Top of RECORDS FOR THIS TASK

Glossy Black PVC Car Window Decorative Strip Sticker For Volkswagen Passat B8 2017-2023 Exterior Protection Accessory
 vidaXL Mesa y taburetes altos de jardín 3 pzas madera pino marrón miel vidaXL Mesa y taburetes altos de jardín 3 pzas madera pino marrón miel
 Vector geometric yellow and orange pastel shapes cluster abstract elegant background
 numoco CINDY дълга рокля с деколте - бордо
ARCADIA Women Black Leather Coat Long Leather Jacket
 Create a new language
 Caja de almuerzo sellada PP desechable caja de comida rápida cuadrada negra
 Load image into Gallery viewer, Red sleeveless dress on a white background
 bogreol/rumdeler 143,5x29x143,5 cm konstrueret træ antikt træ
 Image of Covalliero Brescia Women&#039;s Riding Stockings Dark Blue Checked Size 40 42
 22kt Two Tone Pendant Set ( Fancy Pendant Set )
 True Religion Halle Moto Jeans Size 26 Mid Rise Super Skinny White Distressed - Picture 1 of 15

Bottom of RECORDS FOR THIS TASK

_WHAT TO DO_.
Your answer must be an exact transcription of the lines from the one containing "numoco CINDY дълга рокля с деколте - бордо" through the last line of the records above, and nothing else.

_YOUR SOLUTION_.
 numoco CINDY дълга рокля с деколте - бордо
ARCADIA Women Black Leather Coat Long Leather Jacket
 Create a new language
 Caja de almuerzo sellada PP desechable caja de comida rápida cuadrada negra
 Load image into Gallery viewer, Red sleeveless dress on a white background
 bogreol/rumdeler 143,5x29x143,5 cm konstrueret træ antikt træ
 Image of Covalliero Brescia Women&#039;s Riding Stockings Dark Blue Checked Size 40 42
 22kt Two Tone Pendant Set ( Fancy Pendant Set )
 True Religion Halle Moto Jeans Size 26 Mid Rise Super Skinny White Distressed - Picture 1 of 15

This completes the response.